Sure, sabotaging yourself is appealing. It means your failures never really bother you that much, because you sank your own boat on purpose. There’s no ego loss from a failure like that.
Contrast it with failing after putting forth a real, honest effort. This is something I have historically avoided, but as a part of slowly becoming an actual adult, I have embraced the concept of trying hard and accepting honest failure. I discovered today that I don’t like the taste of that either.
This failure was an emotionally complicated one. Max was dead-set against going to preschool today, or even leaving the house for that matter, so I was faced with the unpleasant task of dragging him against his wishes to school. To set the emotional stage for this drama, keep in mind that we have just emerged from a 3 day stretch of snow days, where his mom has been home, and things have been topsy-turvy and without any pattern. The day after a weekend is traditionally me and the boy’s stay-at-home day, where he cocoons and gets his bearings.
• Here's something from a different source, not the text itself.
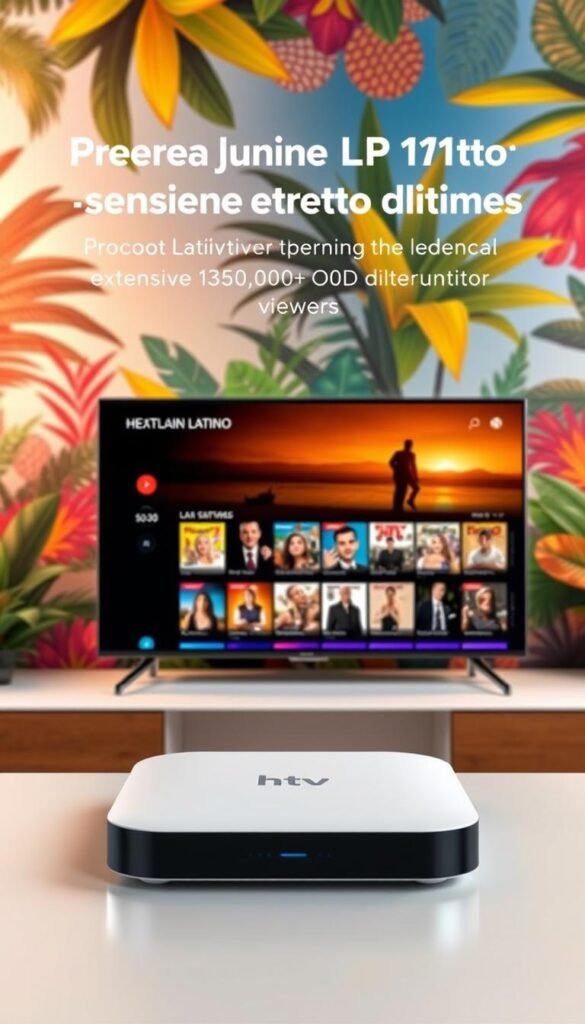 A high-quality IPTV service offering a premium Latino entertainment experience. In the foreground, a sleek, modern IPTV device with a clean, minimalist design. The device is showcased against a backdrop of vibrant, colorful Latin American-inspired imagery, including lush tropical foliage, vibrant patterns, and warm, sunset-inspired lighting. In the middle ground, a selection of popular Latin American TV shows and movies from the Hoxtoon Provider's extensive 150,000+ VOD collection, displayed on a high-resolution display. The overall atmosphere conveys a sense of immersive, on-demand entertainment tailored for the discerning Latino viewer.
This is what he wanted to do today, so the idea of going off to school and being a brave independent boy was very upsetting to him. I soldiered on through the 20 minutes of near hysterical crying while we got ready, promising him rewards and fun after school. Even the prospect of seeing his best friend at school didn’t help at all.
On the drive over, he calmed down and burst back into tears at least three times, and after one last attempt at convincing him to play and have fun in the classroom, I gave up. It broke my heart to push him to that point, but I kept telling myself that it’s a normal parent thing to do. I had set an unrealistic goal for myself and him, and when I hit resistance, I kept trying instead of folding right away. I should be proud of being gently persistent, and stopping when it was appropriate, but I hate the feeling of coming up short after trying my best. Yet another emotional situation that I have to learn to handle, how to cope with a hard-earned defeat. Oh well. The postscript to the story is that the little dude calmed down and had a great day after the school attempt. That’s good enough for now. We’ll tackle next week’s schooling later.
One thought on “The Many Flavours of failure”
I found this one particularly interesting to read. I hadn’t thought to compare purposefully quitting in the same light as trying hard, but not succeeding. “Honest failure” – that makes me think.